Which type of dimension can be the best or it is not that important? Many thanks!

Hi Markus,
you should avoid to use block sizes, which are not divisible by 32. It is possible to use smaller block sizes, but will loose computational resources, as those are allocated for whole warps of 32 threads.
You should also consider that GPUs can (depending on architecture) put a maximum of 16 to 32 blocks onto a SM. Allowable Thread numbers are around 1024 to 2048 as a maximum per SM, or 32 to 64 warps. A good number to hide latencies is at least 8. You can freely choose yourself, whether to use smaller or larger blocks, as long as the thread number is divisible by 32 and you can put enough warps per SM.

What GPU are you using? E.g. the RTX 3070 has 40 SMs with 100 KiB shared memory each, which is 4000 KiB for the whole GPU. Blocks, which are executed serially, can reuse that memory. So if your application allows, use a large grid and block size.

Hi Curefab,
thanks a lot for your answer. I am currently using rtx 2080ti. So if I use 32 threads instead of 16 threads per block, but still using the same amount of threads, can it be worse? For example, I had 256 Blocks with 16 threads each, but if I use 32 threads each, 128 blocks are needed, but the task executed by 2*16 threads, which is given to 2 SMs, is now as a warp and given to one SM. Or it is different from what I think.

And my problem is that, the GPU only limits my programm at the shared memory,so that now I use more blocks(shared memory per block is limited). On other compute resources, my programm actually ultilize just a small part.
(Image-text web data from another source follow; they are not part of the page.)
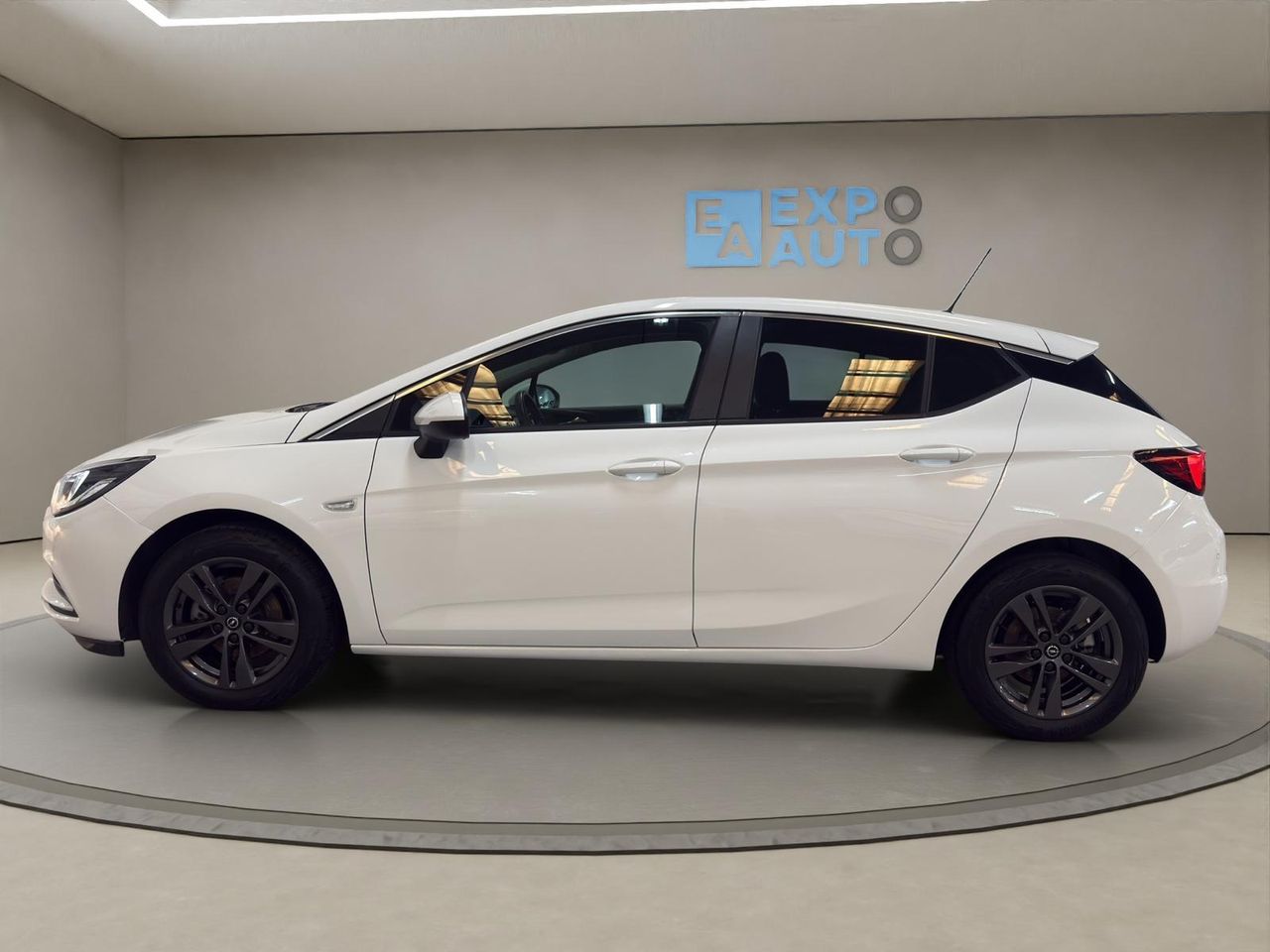 Opel Astra 1.0 Turbo S/S 120 Aniversario - Foto 2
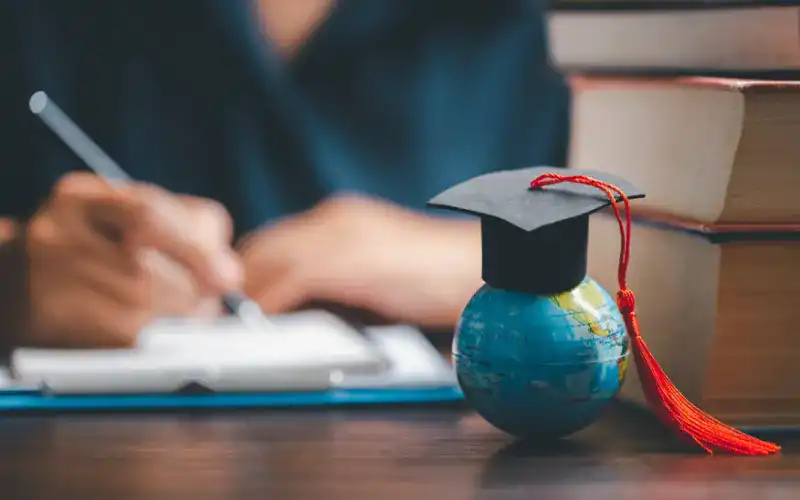 Becas internacionales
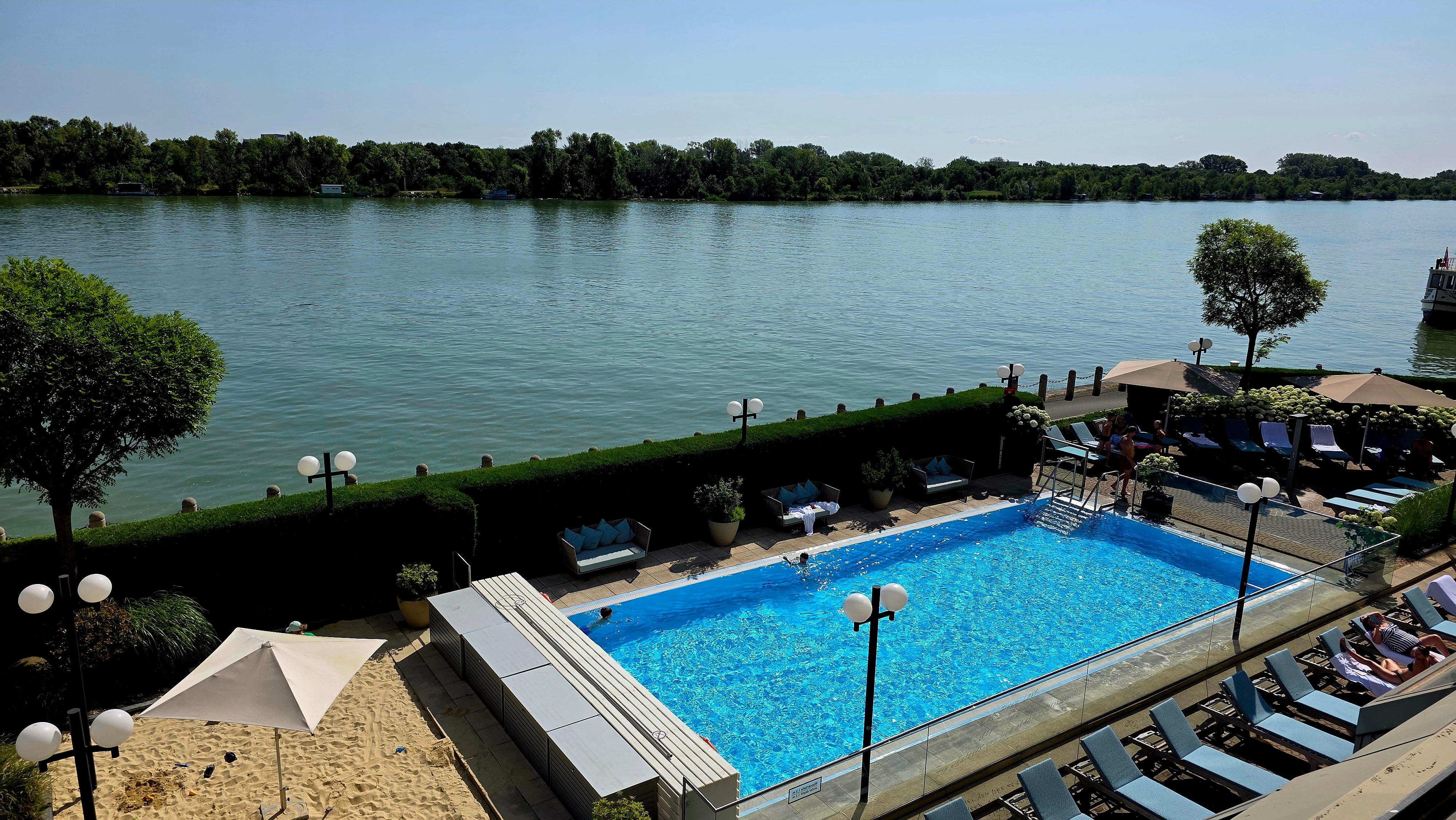 AuĂenpool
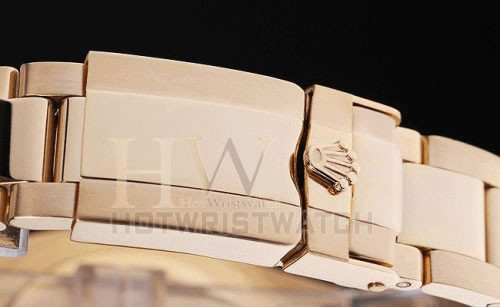 Cận cảnh dây của chiếc Rolex Daytona Cận cảnh dây của chiếc Rolex Daytona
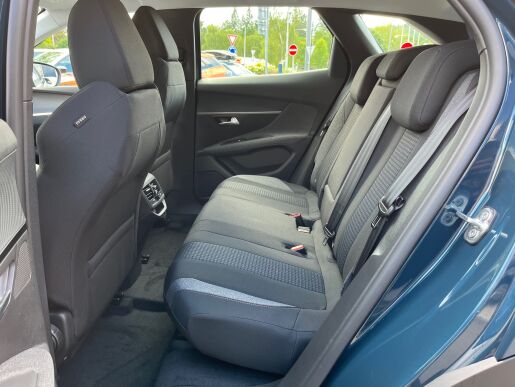 Peugeot 3008 ACTIVE PACK 1.2 PT 130 MAN6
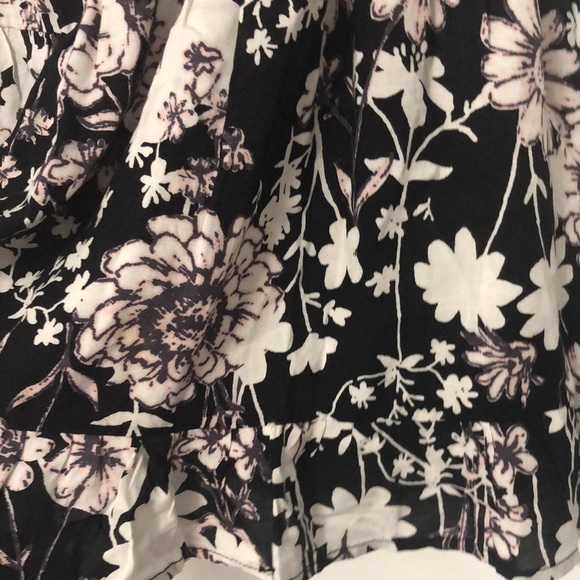 Love Tree Floral Dress Size Small - Picture 3 of 6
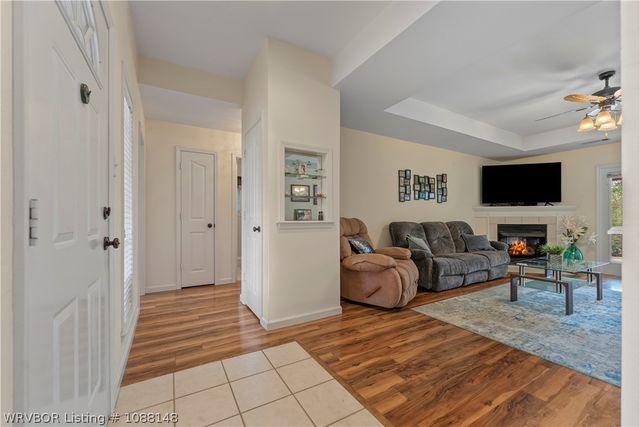 9712 East Pointe Drive, Fort Smith, AR 72903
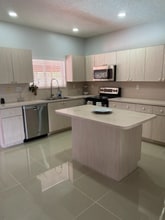 19532 SW 133rd Ave in Miami, FL - Building Photo - Building Photo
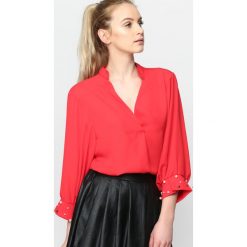 Czerwona Koszula Feel Loved. Czerwone bluzki damskie Born2be, m, bez wzorów, z okrągłym kołnierzem, bez rękawów. Za 24,99 zł.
On Turing compute capability 7.5 (for the RTX 2080 Ti) the maximum shared memory per thread block is the same as the maximum shared memory per SM. It is 64 KiB for each of the 68 SMs on the RTX 2080 Ti.

You write 16 Threads need 2 KB shared memory => 128 Bytes per Thread. So each SM can have 512 active threads. It can be 16 blocks (the maximum on 7.5) of 32 threads; or it can be 1 block of 512 threads per SM. Or anything in between.

Each block is running on a single SM. But you are talking about 128 or 256 blocks, so the blocks will be distributed anyway. If you need them running on a single SM (e.g. for using shared memory) you have to put all those threads in a single large block. If you want them distributed, provide enough threads and blocks. If your algorithm allows, create at least ten thousands of threads (number of blocks times number of threads per block).

Thanks a lot for your reply. I have understood that. But still on a small point about the 10k threads in all. If I generate my programm with three Streams, like doing the same work but with 3 different input data sets. Each of them uses like 3000 threads. Then it is 9000 threads used in all?

Hi Markus,
yes, that is true. With streams, you can execute several kernels with different input data sets at the same time. They will also each allocate parts of the shared memory. But according to the calculation your shared memory is enough for 34816 active threads.

Just mentioning:

  • If you strive to get maximum performance, you should also consider that part of the time the streams are occupied with asynchronous memory copies of the input and output data sets between running their computation. Therefore the maximum occupancy will be reached slightly beyond 3 streams running kernels with 3000 threads each.

Another thing to optimize is, how the threads in each warp behave:

  • They are slowed down, if the program flow diverges or the memory access patterns are not ideal.

  • For global memory, you try to get a multiple of 4 sectors (32-byte aligned memory portions) being accessed over the whole warp, for shared memory, you try to avoid bank conflicts (each thread accesses a different bank at the same time).

If execution time is not critical, you do not have to fully optimize all those parameters.

I have understood. Thanks a lot again for your help!